++++ Provided material

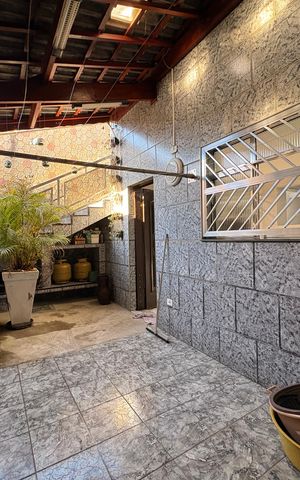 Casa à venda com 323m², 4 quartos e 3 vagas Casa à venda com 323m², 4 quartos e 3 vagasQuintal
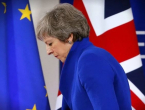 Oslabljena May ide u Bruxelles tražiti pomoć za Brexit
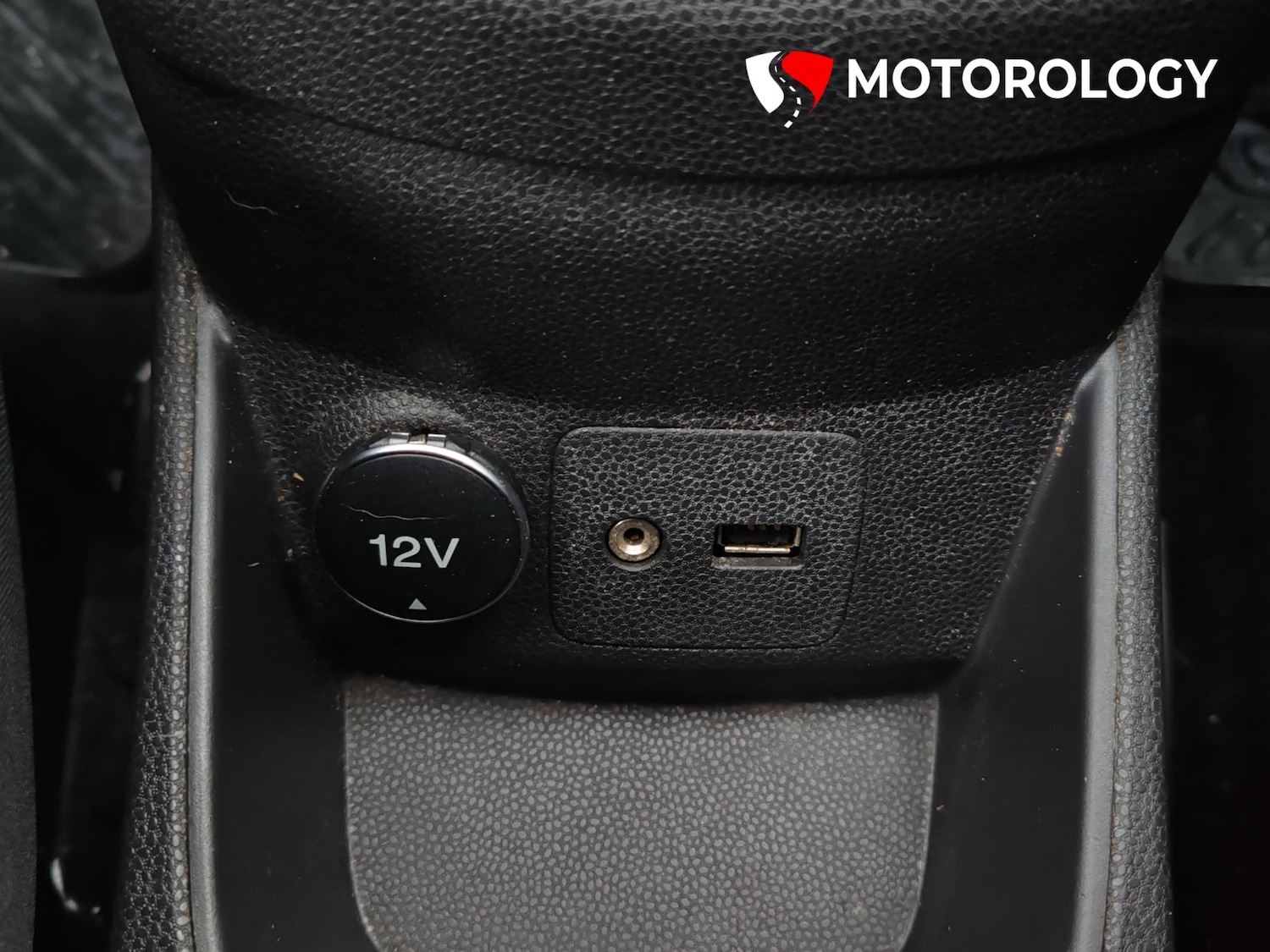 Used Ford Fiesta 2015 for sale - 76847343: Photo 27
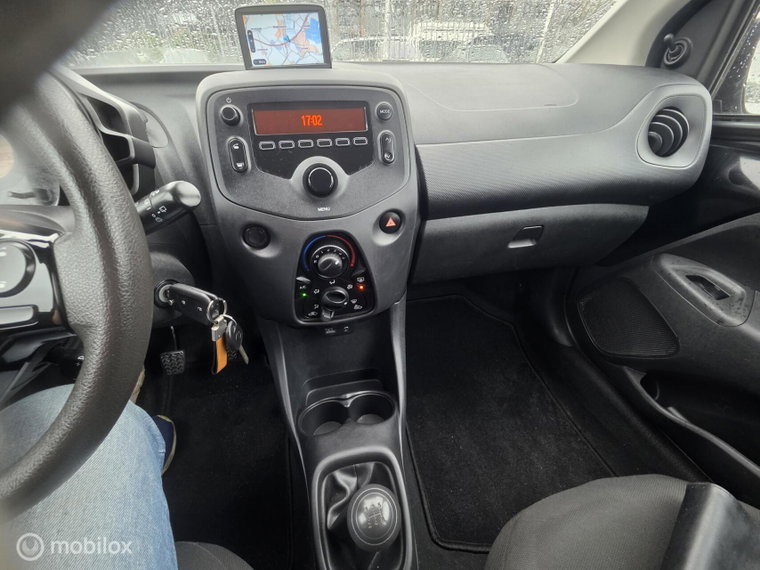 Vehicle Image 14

++++++++

• Exercise directions: Restate word for word only the lines that run from the line holding "Used Ford Fiesta" to the end of the data, both ends kept, leaving every picture out.

• Final answer:
 Used Ford Fiesta 2015 for sale - 76847343: Photo 27
 Vehicle Image 14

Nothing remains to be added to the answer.